On Tuesday, two Russian Su-27 fighter jets intercepted a US military MQ-9 Reaper drone that was flying in international airspace above the Black Sea. The two warplanes dumped fuel on and flew in front of the drone several times before one of the jets clipped the Reaper's propeller on a reckless pass just after 7 am local time, forcing the US military to bring the damaged drone down into the water below.
—USAFE-AFAFRICA (@HQUSAFEAFAF) March 16, 2023
US Air Force Gen. James B. Hecker, commander of US Air Forces Europe and Air Forces Africa, said the MQ-9 was engaging in routine operations when the incident happened and that the crash caused the "complete loss" of the drone. Moscow deflected blame for the crash on the US, with its ambassador to Washington claiming the drone was moving "deliberately and provocatively" toward Russian territory.
A top White House official said on Wednesday that its unclear whether the US will launch a recovery effort, something it has done with more sensitive military equipment that's been lost. Russia, on the other hand, has said it may try and recover the aircraft.
The US aircraft is resting at a depth of between 4,000 and 5,000 feet, making any recovery operation "very difficult" by any party, Chairman of the Joint Chiefs of Staff Gen. Mark Milley told reporters on Wednesday.
Moscow uses 'coercive signals' to send messages
Tuesday's incident marked the most direct confrontation between Russia and the US since the former attacked Ukraine in February 2022. It is also the latest of many provocative actions by Moscow against NATO militaries around the Black Sea, where intercepts are not uncommon. Russia has carried out aggressive maneuvers and close engagements against Western forces on a number of occasions in recent years.
But Russia has a long history of performing dangerous intercepts as a means of intimidation, a former US Navy pilot and TOPGUN instructor previously told Insider.
These close encounters and aggressive maneuvers by Russian aircraft are part of a coordinated messaging campaign by Russia, according to a recent report by the RAND Corporation, a global policy think tank based in California. The report consists of empirical research completed in 2020 that analyzes years of Russian military activity like intercepts and other engagements.
"Moscow regularly uses limited military actions — far short of direct aggression but often creating escalatory risks —that have caused concern and consternation in Western capitals," RAND writes in its report.
"Much of the assertive, dangerous, or unsafe Russian activity appears directed at shaping patterns of ongoing US or allied behavior," the report says. "Moscow appears to be using coercive signals to send targeted compellent messages regarding activities that it finds problematic," and "these compellent signals are often linked to particular US and allied activities."
In other words, RAND assesses that these Russian behaviors are strategic and intentional.
Milley, the top US general, said Wednesday there's "no question" that the Russian harassment preceding the crash was intentional.

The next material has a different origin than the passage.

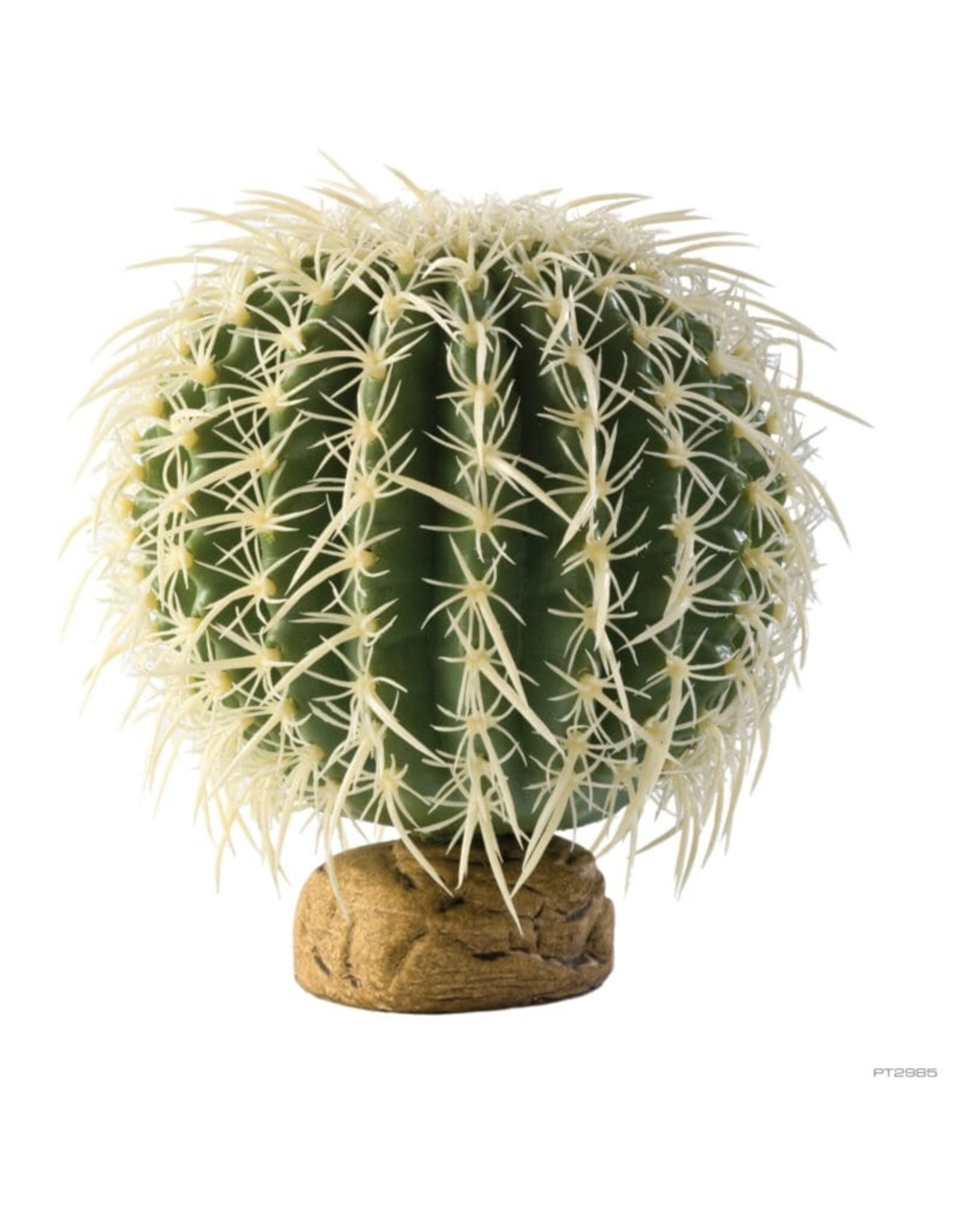 Exo Terra Exo Terra Medium Barrel Cactus
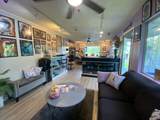 15-2883 Pahoa Village Rd - Photo 2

Although the intentions behind the actual physical contact between the jet and drone, he noted, remains more of a mystery.

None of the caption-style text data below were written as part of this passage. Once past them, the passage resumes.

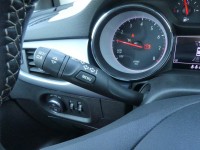 Opel Astra Sports Tourer 1.0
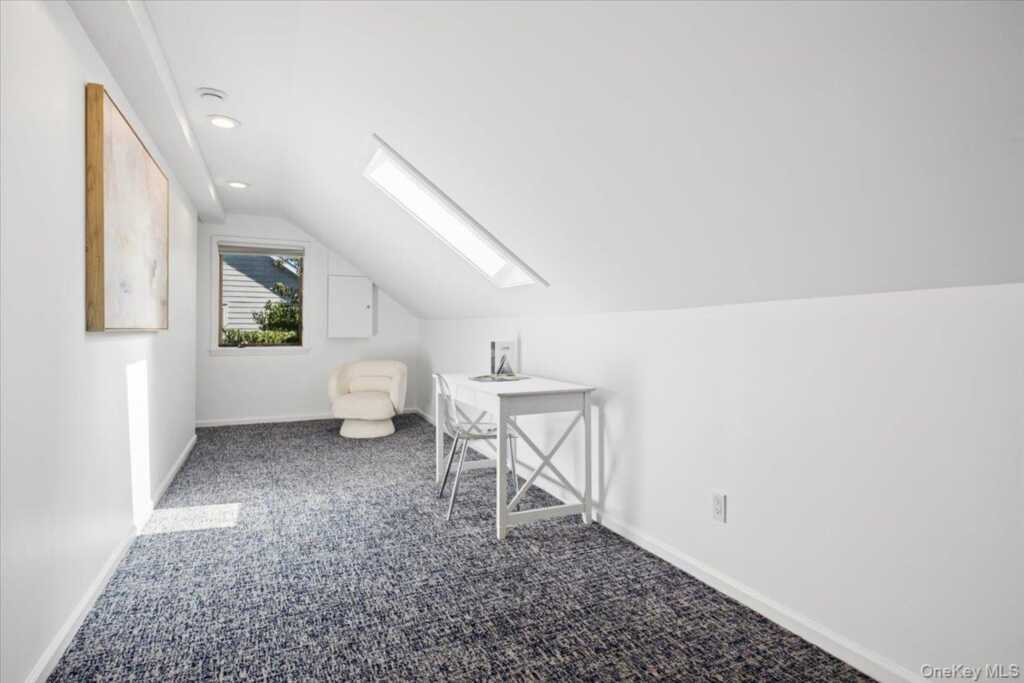 159 Wykagyl Terrace, New Rochelle, NY 10804 - Photo 16 of 27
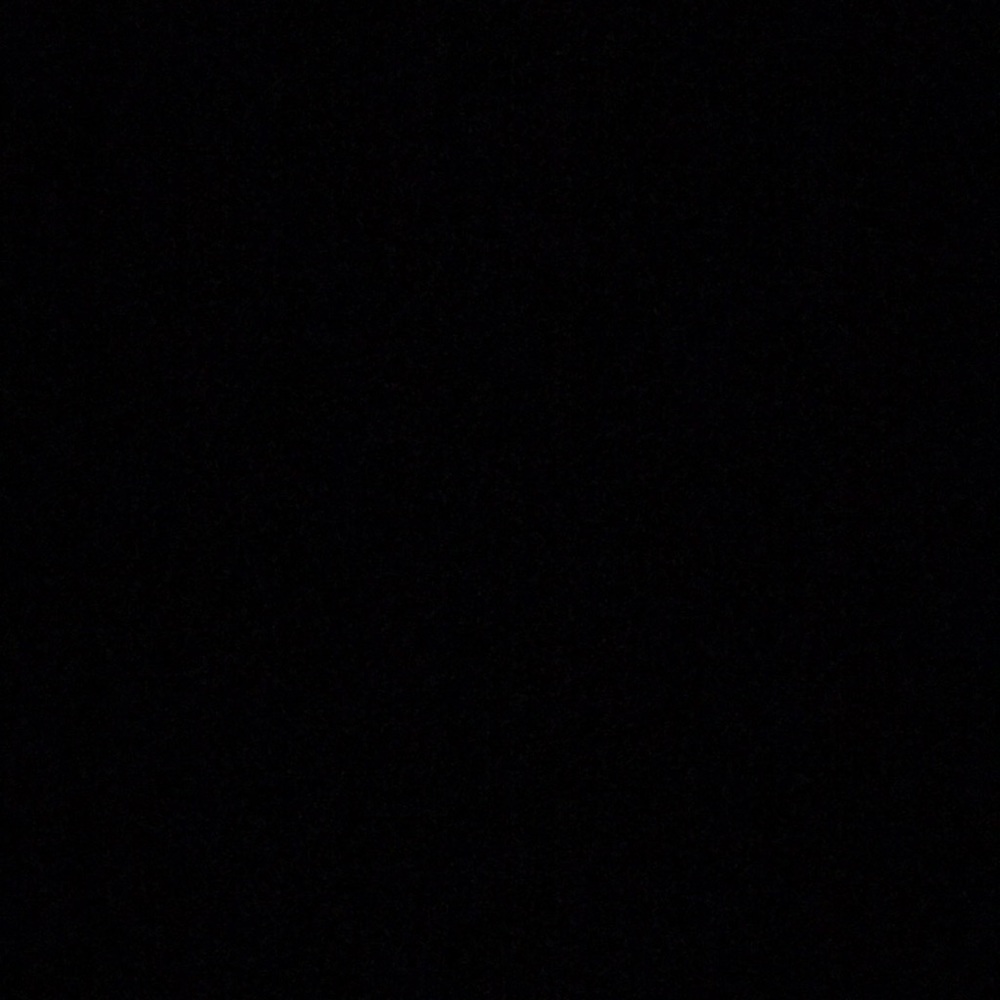 Meet your Posher, Javier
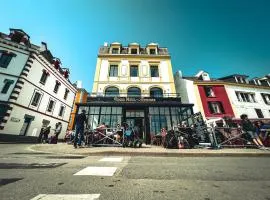 Grand Hôtel de Bretagne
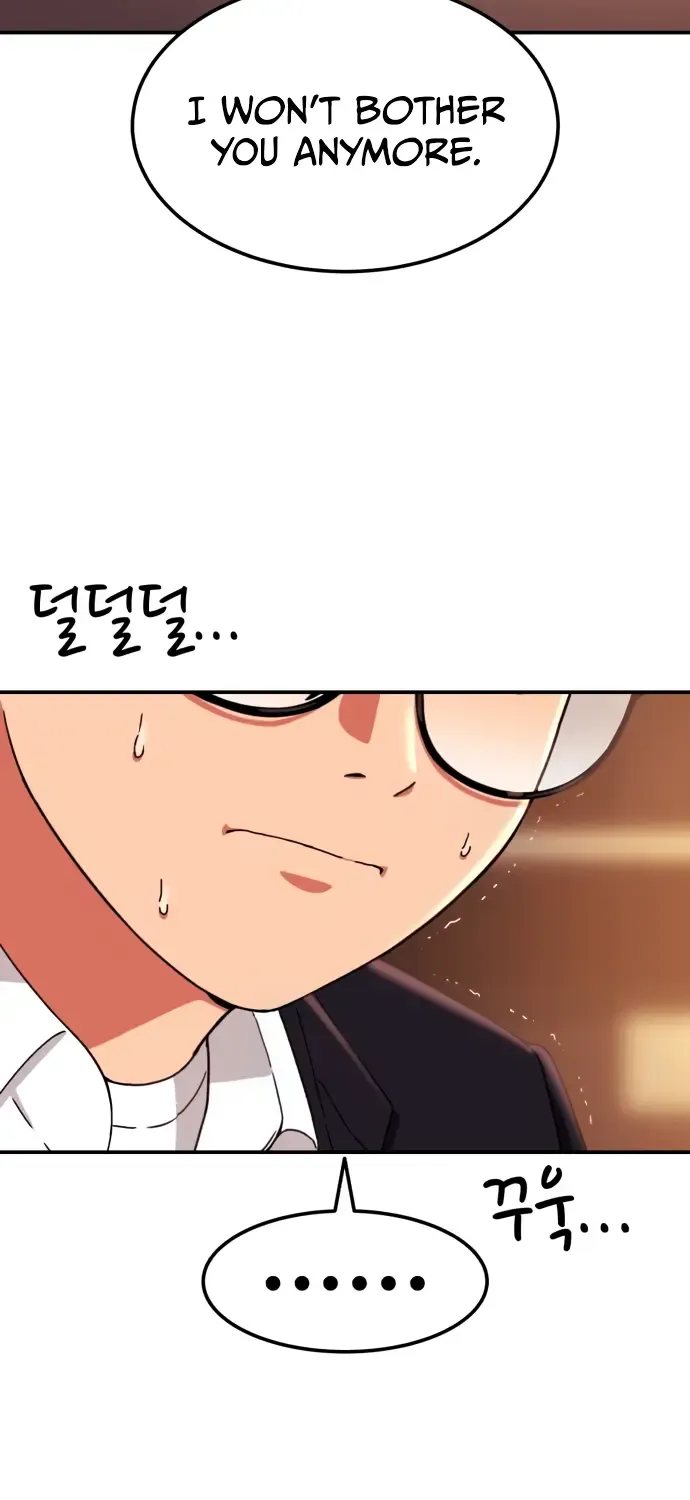 Top 1 Fighting Tutoring Kainu Manga Chapter 22 Page 118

While this harassment appears to be a calculated part of a Russian playbook, several top US officials and the military blamed the pilot's incompetence for crashing into the drone.

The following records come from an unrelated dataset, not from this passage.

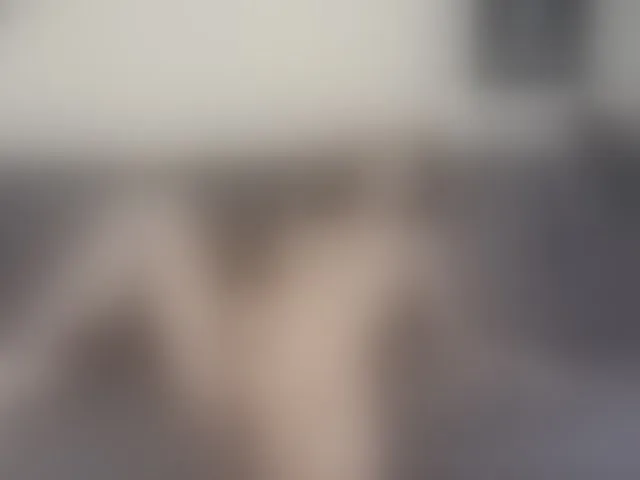 Live sex webcam photo for MiyaMei #293425384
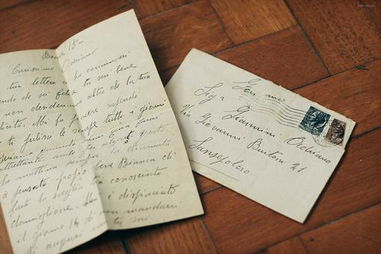 一切都會(huì)好的作文開頭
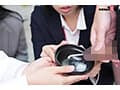 「ザーメンと最も相性の良い食べ物は何か？」をSOD女子社員3名が真面目に検証してみた結果 計46食の濃厚ホンモノ精子でお腹いっぱい 咀嚼でじっくり味わいごっくん飲み込むザ～汁マリアージュ食ザー実験 SOD性科学ラボ REPORT23
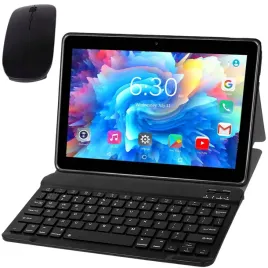 tablet-toscido-m863-ips-lte-wifi-bluetooth-64gb-usb-c-android-101-cala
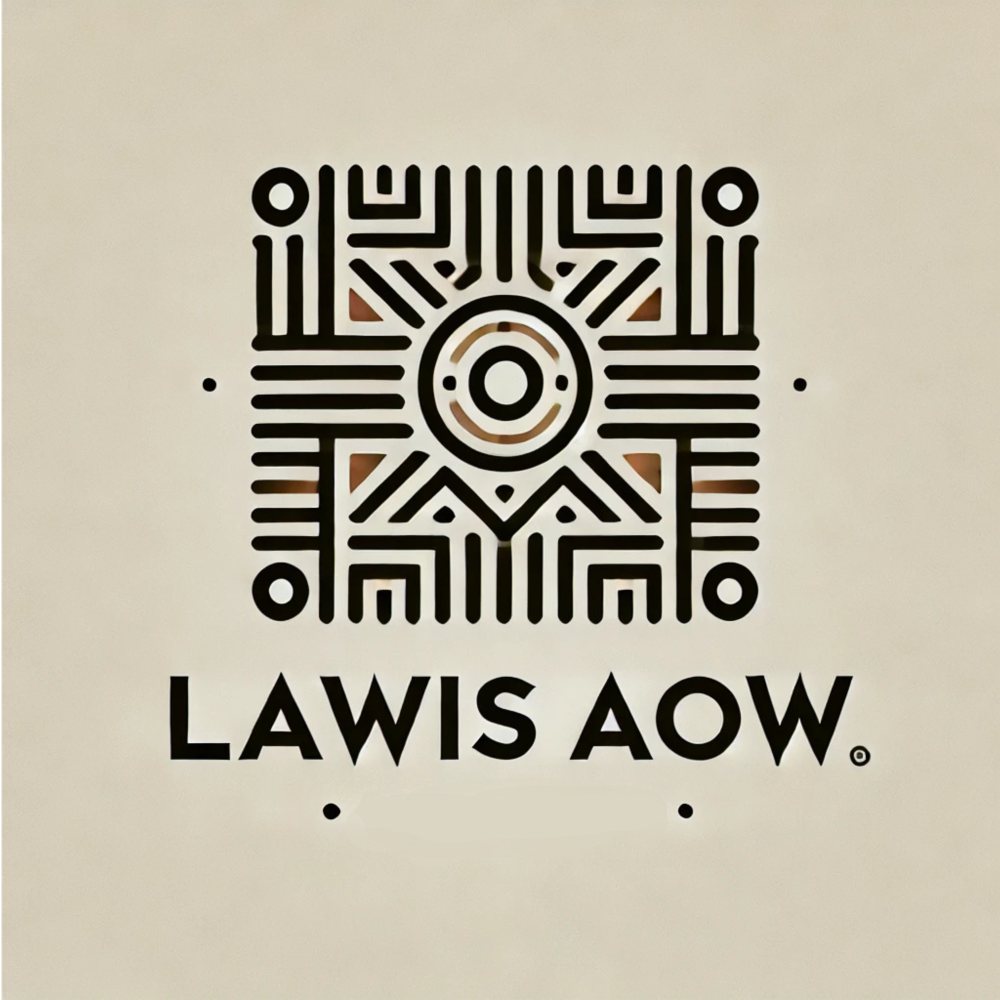 LAWIS AOW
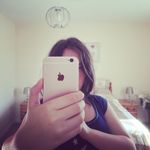 Amber Hume - @rainbowmix3 - Instagram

One official said the Su-27 was out of control and flying like "it was amateur hour," adding that the incident did not portray the skillset of a professional pilot. US European Command (EUCOM) wrote that the engagement demonstrated a "a lack of competence," while also being unprofessional, unsafe, reckless, and "environmentally unsound."
Pentagon Press Secretary Brigadier General Pat Ryder echoed what EUCOM and State Department spokesperson Ned Price said, arguing in that the pilots didn't show any competence during the intercept.